┌─ Data excerpts

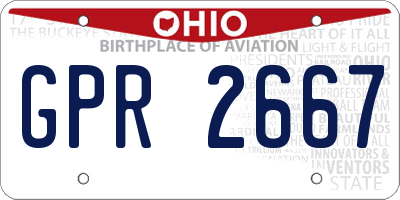 OH license plate GPR2667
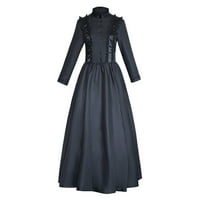 Voncos Vintage ženske haljine srednjovjekovne renesansne gotičke dugih rukava pune boje maxi haljine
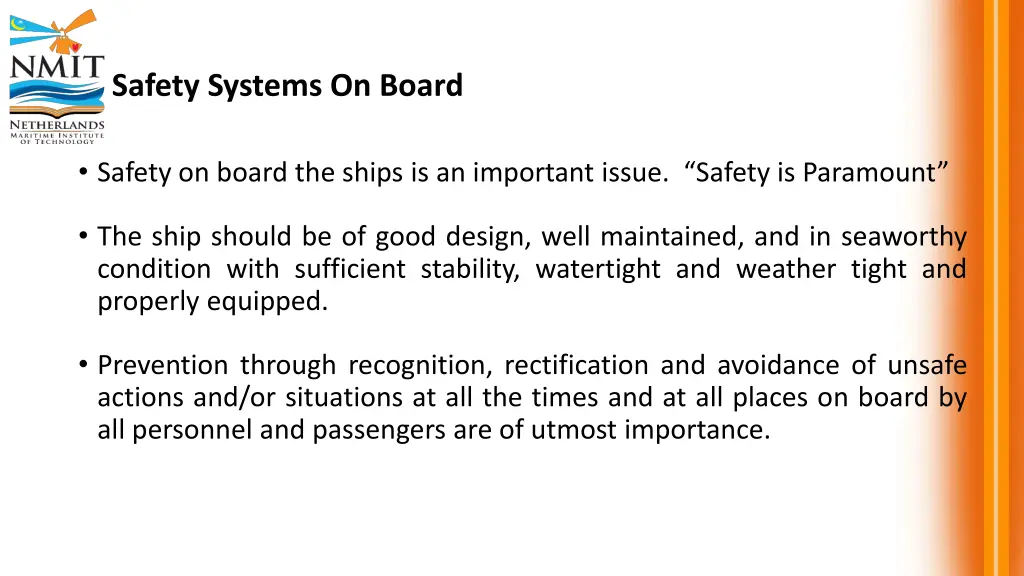 safety systems on board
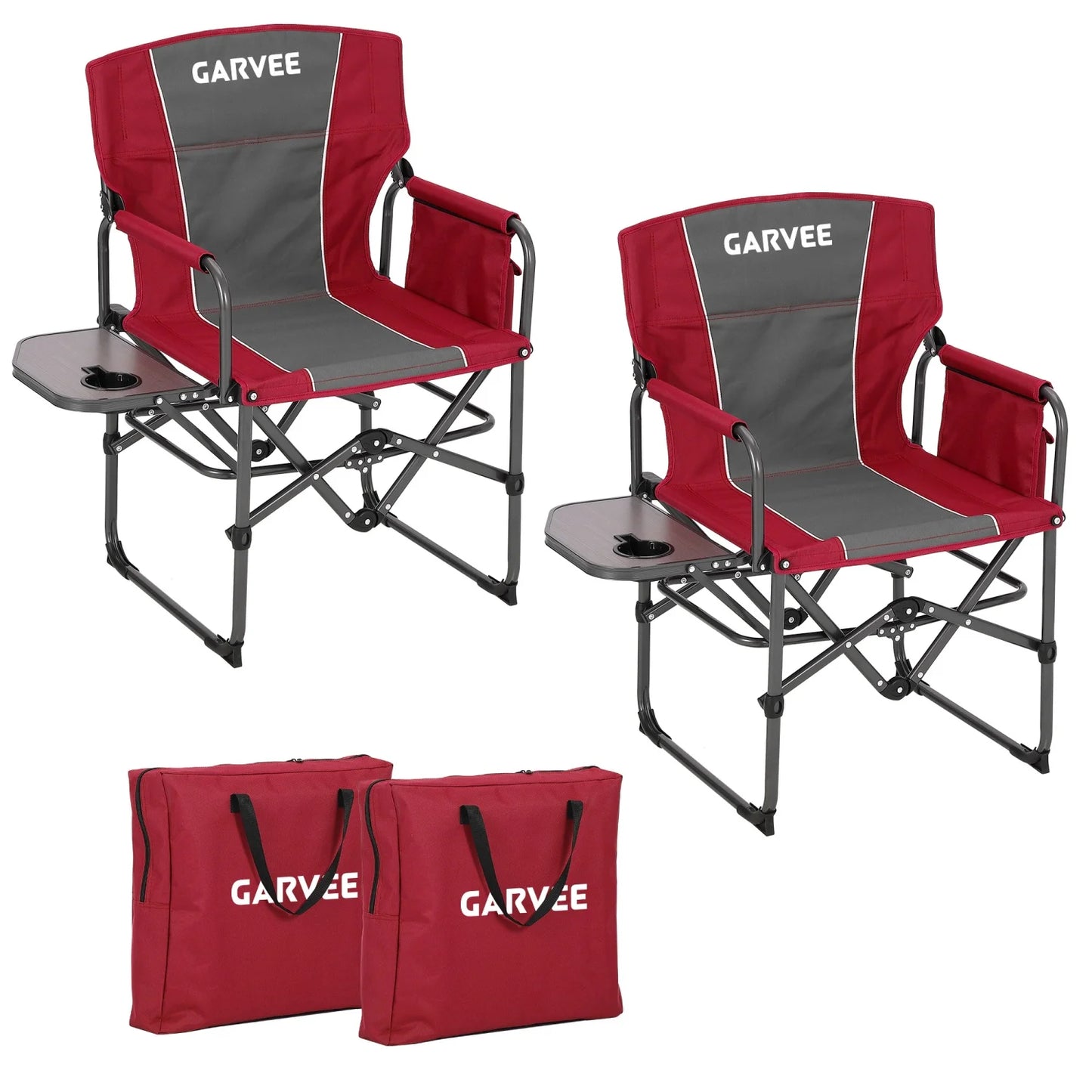 HiMISS Heavy Duty Folding Directors Chair 400 Lb Capacity Cupholder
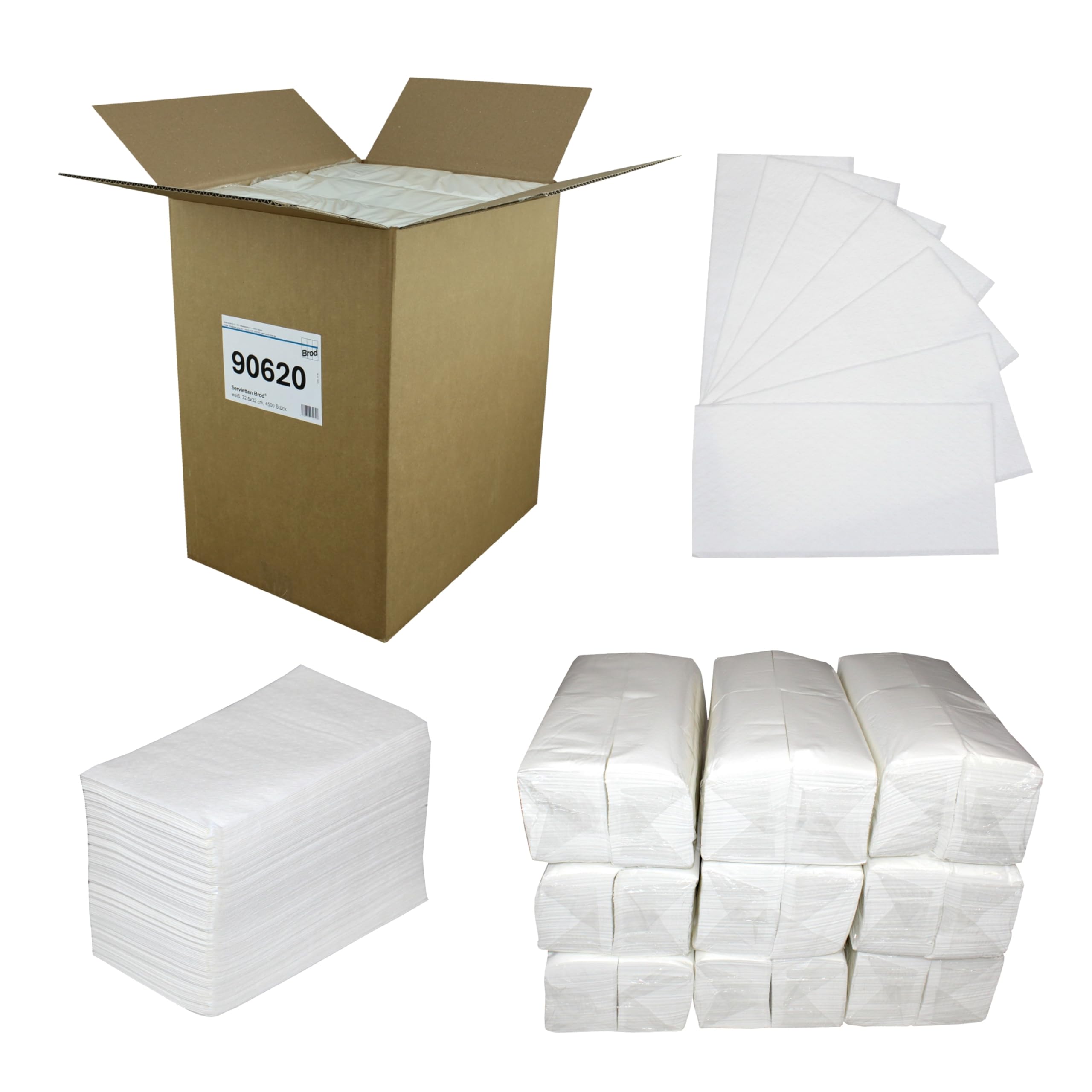 Brod® Servietten 4500 Stück, 1/8 Falz, 32 x 32,5 cm, 1-lagig, aus Zellstoff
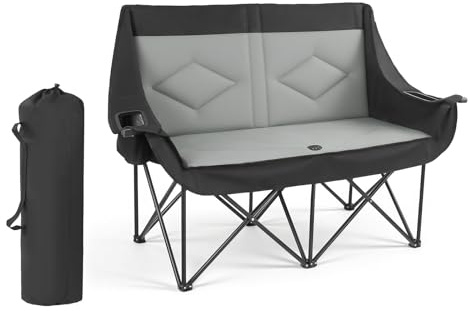 VEVOR Double Camping Chair, Oversized Two Person Camp Chair with 660 lbs Heavy Duty Support, with Dual Cup Holders, Wine Glass Holders, Magazine Straps, Carry Bags for Outdoor, Beach, 1 Pack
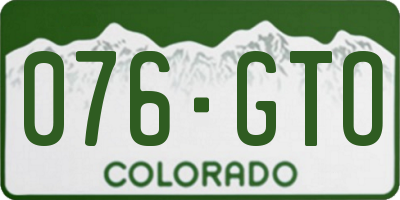 CO license plate 076GTO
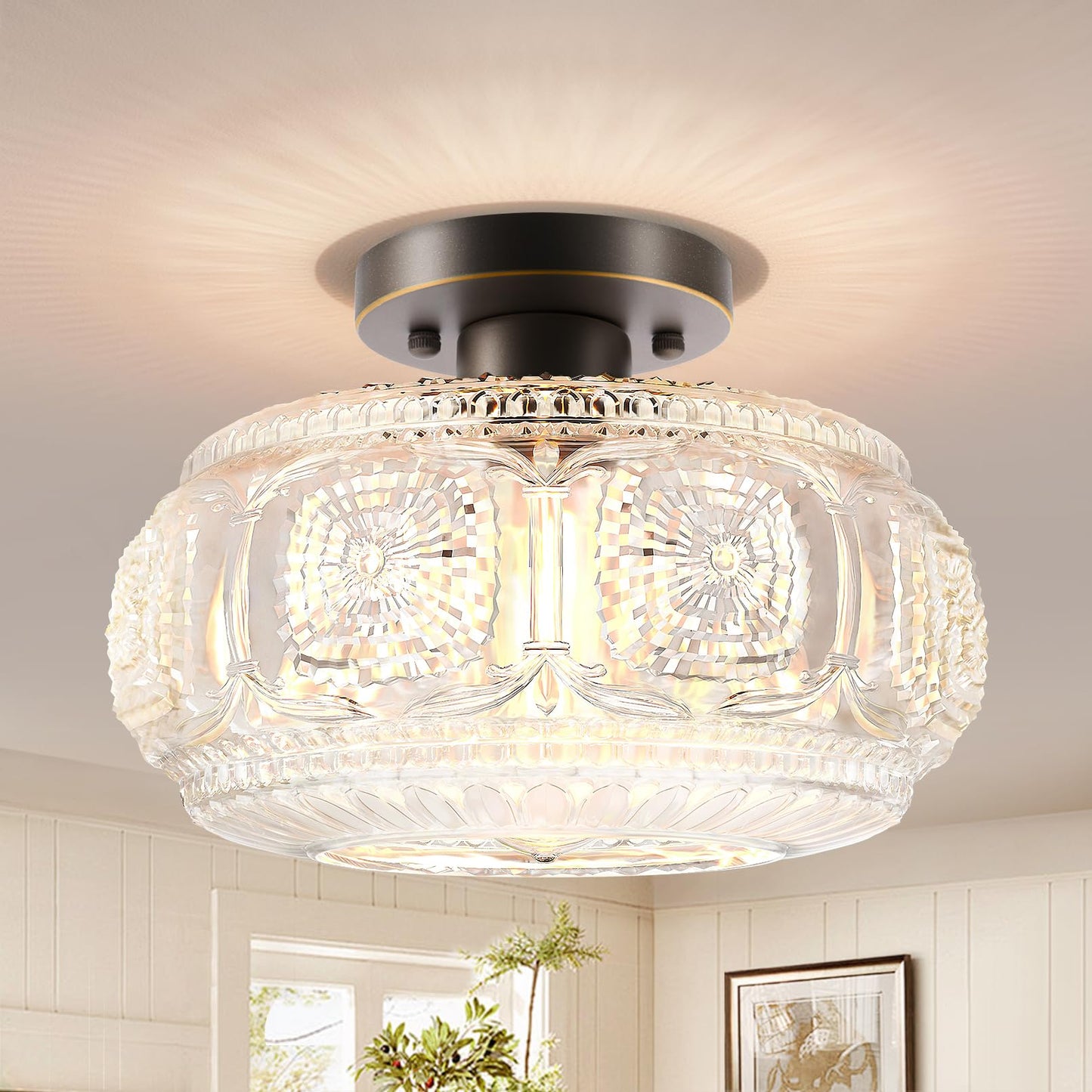 Semi Flush Mount Ceiling Light, Globe Glass Ceiling Light Fixture, Black Modern Lighting (Bulb Not Included)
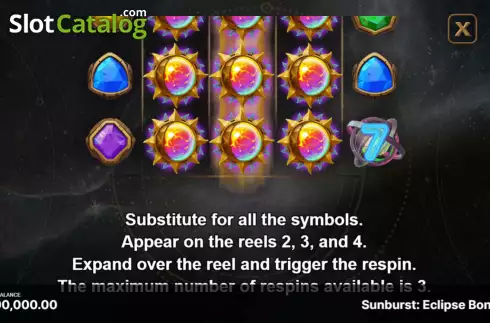 Οθόνη8. Sunburst: Eclipse Bonus Κουλοχέρης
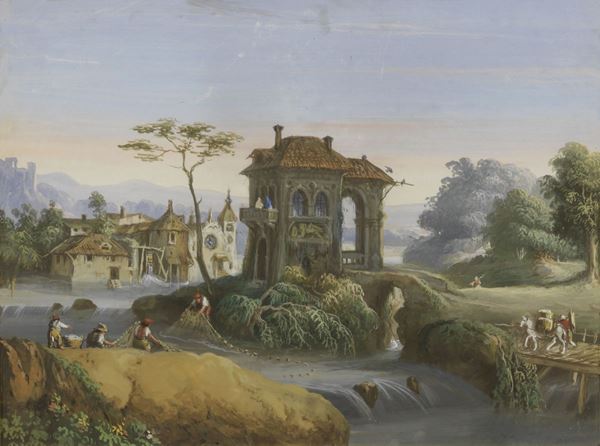 Scuola italiana fine XIX secolo - Due «Paesaggi»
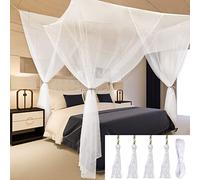 Saluaqui Elegant Bed Canopy Curtains with 4 Doors & Storage Bag, Easy Install Square Polyester Mesh for Queen/King - 190x210x240cm, Black (White)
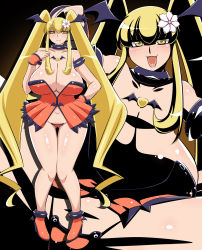 Rule 34 | 1girl, bare shoulders, blonde hair, breasts, cleavage, collar, collarbone, curvy, detached sleeves, female focus, flower, gradient background, hair ornament, heart, high heels, highres, huge breasts, long hair, long twintails, looking at viewer, maebari, miniskirt, multiple persona, open mouth, original, plump, shiny skin, shoes, simple background, skirt, smile, spread legs, standing, thick thighs, thigh gap, thighs, twintails, very long hair, wide hips, yellow eyes, yukimaru (gojo)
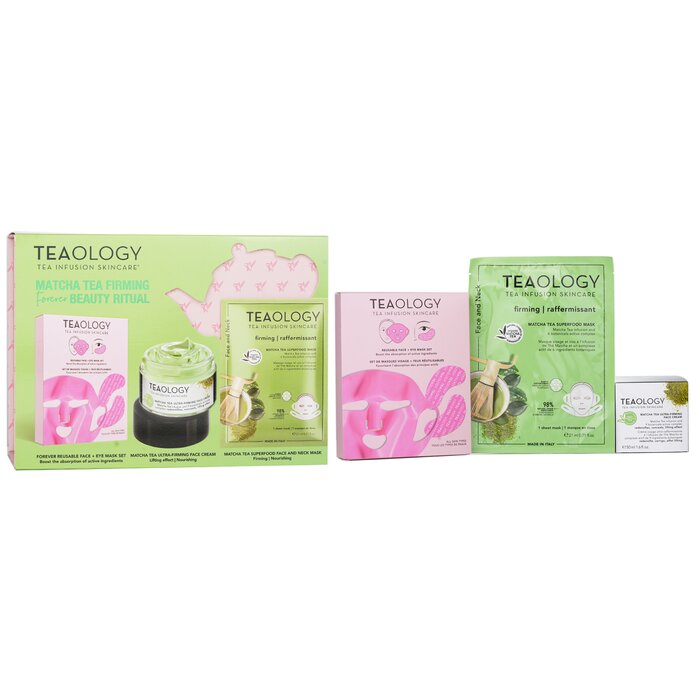 Firm and tone skin with Teaology Matcha 3pc ritual set. Antioxidant skincare for glow.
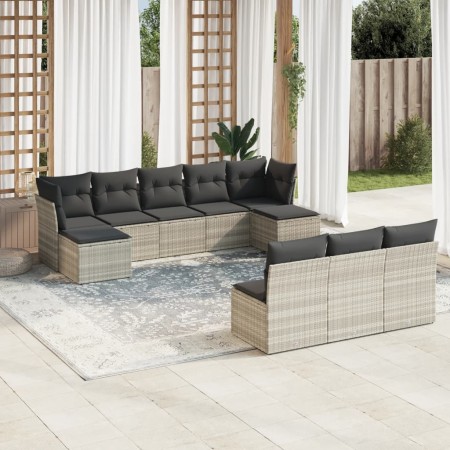Set sofás jardín 10 pzas con cojines ratán sintético gris claro de , Conjuntos de jardín - Ref: Foro24-3250131, Precio: 646,7...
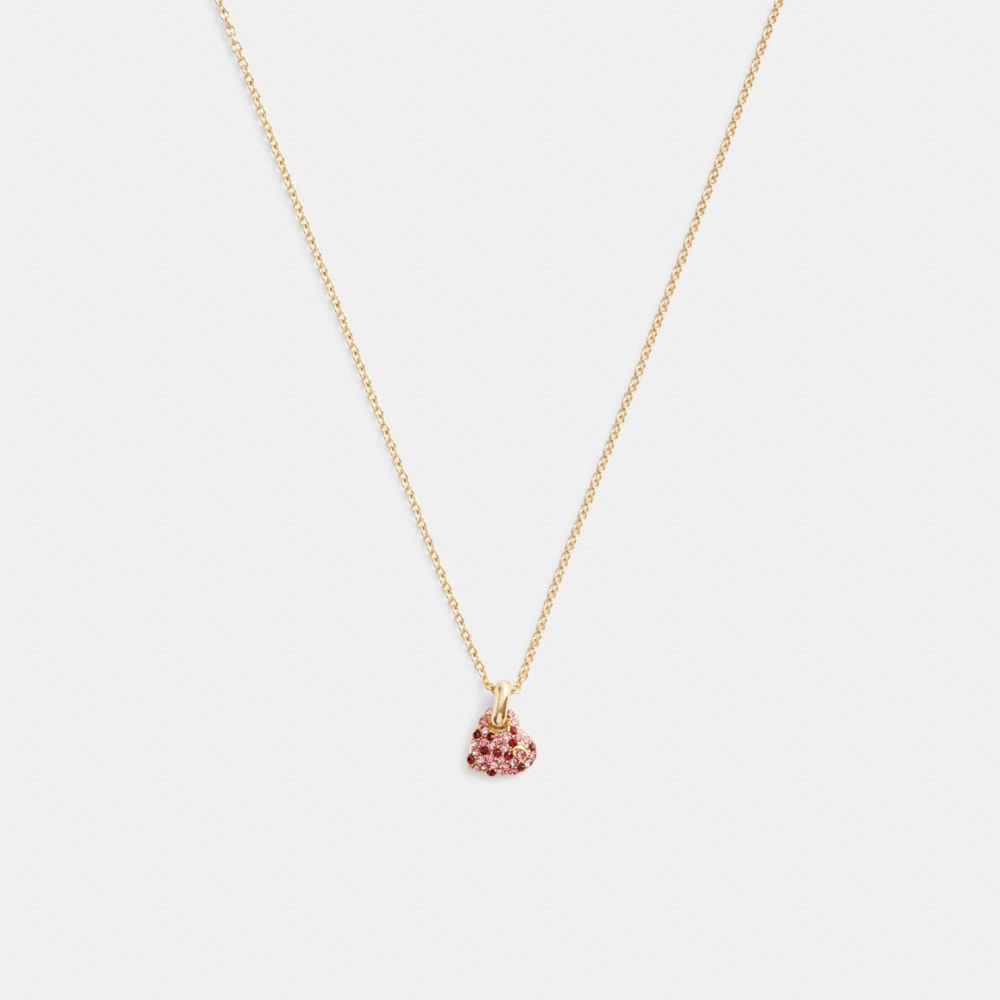 Collana Donna Coach Pavé Heart Pendant Oro Rosa Colorate | ITHAI583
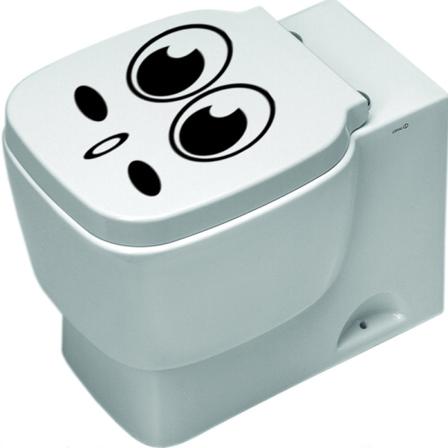 Suuret silmät o suu WC-tarrat, seinätarrat WC:hen, kylpyhuoneeseen, ki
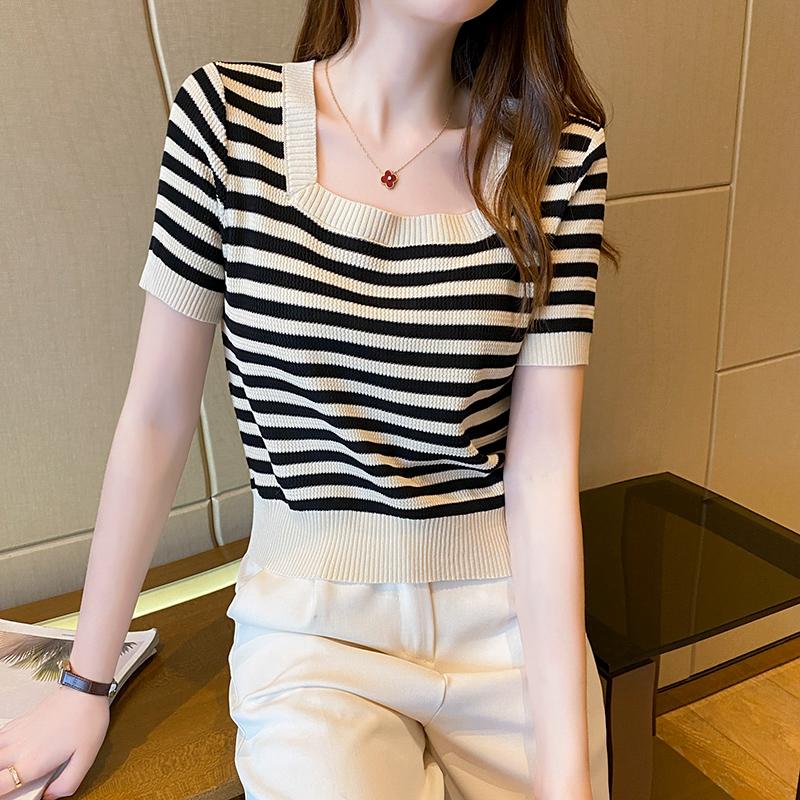 Sommer Kurzarm Gestreiftes T-Shirt Damen Gestrickte Hemden Pullover Tops Weiblich Elastisch Lässig Strick-T-Shirt Damen T-Shirts Crop Tops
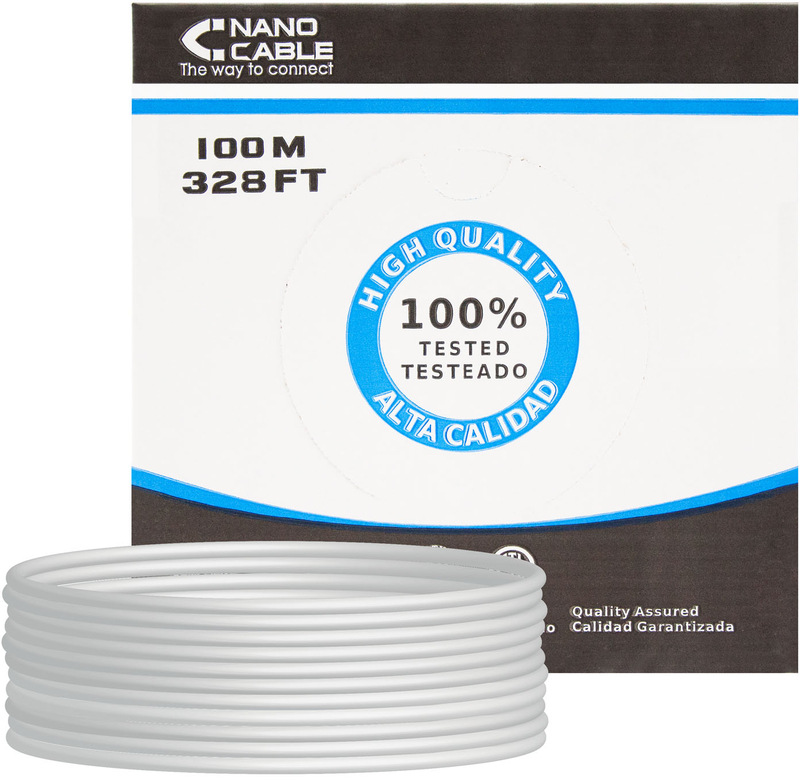 Nanocable - Bobine de Rede Nanocable RJ45 UTP CAT.5E AWG24 Flexível 100 M Cinzento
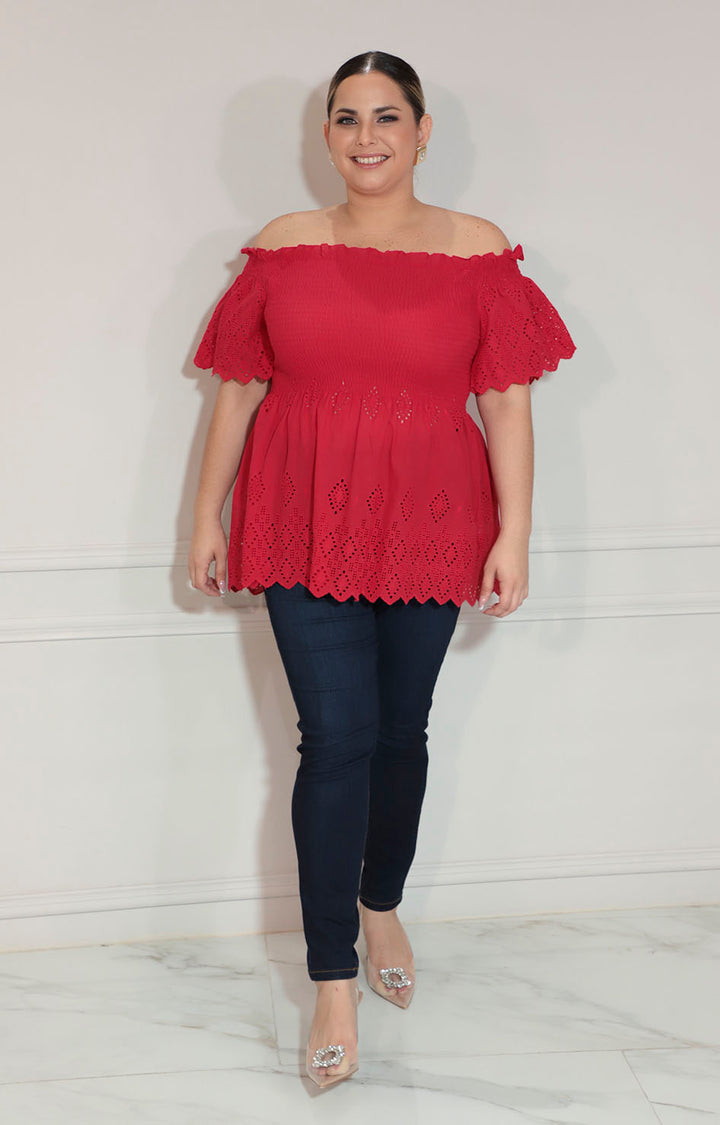 Blusa roja con fruncido y tirantes - BLUSA XL Boutiquemirel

└─

**What the exercise asks**:
Retype each entry precisely. Skip images entirely.

**Solution for this problem**:
 OH license plate GPR2667
 Voncos Vintage ženske haljine srednjovjekovne renesansne gotičke dugih rukava pune boje maxi haljine
 safety systems on board
 HiMISS Heavy Duty Folding Directors Chair 400 Lb Capacity Cupholder
 Brod® Servietten 4500 Stück, 1/8 Falz, 32 x 32,5 cm, 1-lagig, aus Zellstoff
 VEVOR Double Camping Chair, Oversized Two Person Camp Chair with 660 lbs Heavy Duty Support, with Dual Cup Holders, Wine Glass Holders, Magazine Straps, Carry Bags for Outdoor, Beach, 1 Pack
 CO license plate 076GTO
 Semi Flush Mount Ceiling Light, Globe Glass Ceiling Light Fixture, Black Modern Lighting (Bulb Not Included)
 Οθόνη8. Sunburst: Eclipse Bonus Κουλοχέρης
 Scuola italiana fine XIX secolo - Due «Paesaggi»
 Saluaqui Elegant Bed Canopy Curtains with 4 Doors & Storage Bag, Easy Install Square Polyester Mesh for Queen/King - 190x210x240cm, Black (White)
 Rule 34 | 1girl, bare shoulders, blonde hair, breasts, cleavage, collar, collarbone, curvy, detached sleeves, female focus, flower, gradient background, hair ornament, heart, high heels, highres, huge breasts, long hair, long twintails, looking at viewer, maebari, miniskirt, multiple persona, open mouth, original, plump, shiny skin, shoes, simple background, skirt, smile, spread legs, standing, thick thighs, thigh gap, thighs, twintails, very long hair, wide hips, yellow eyes, yukimaru (gojo)
 Firm and tone skin with Teaology Matcha 3pc ritual set. Antioxidant skincare for glow.
Set sofás jardín 10 pzas con cojines ratán sintético gris claro de , Conjuntos de jardín - Ref: Foro24-3250131, Precio: 646,7...
 Collana Donna Coach Pavé Heart Pendant Oro Rosa Colorate | ITHAI583
 Suuret silmät o suu WC-tarrat, seinätarrat WC:hen, kylpyhuoneeseen, ki
 Sommer Kurzarm Gestreiftes T-Shirt Damen Gestrickte Hemden Pullover Tops Weiblich Elastisch Lässig Strick-T-Shirt Damen T-Shirts Crop Tops
 Nanocable - Bobine de Rede Nanocable RJ45 UTP CAT.5E AWG24 Flexível 100 M Cinzento
 Blusa roja con fruncido y tirantes - BLUSA XL Boutiquemirel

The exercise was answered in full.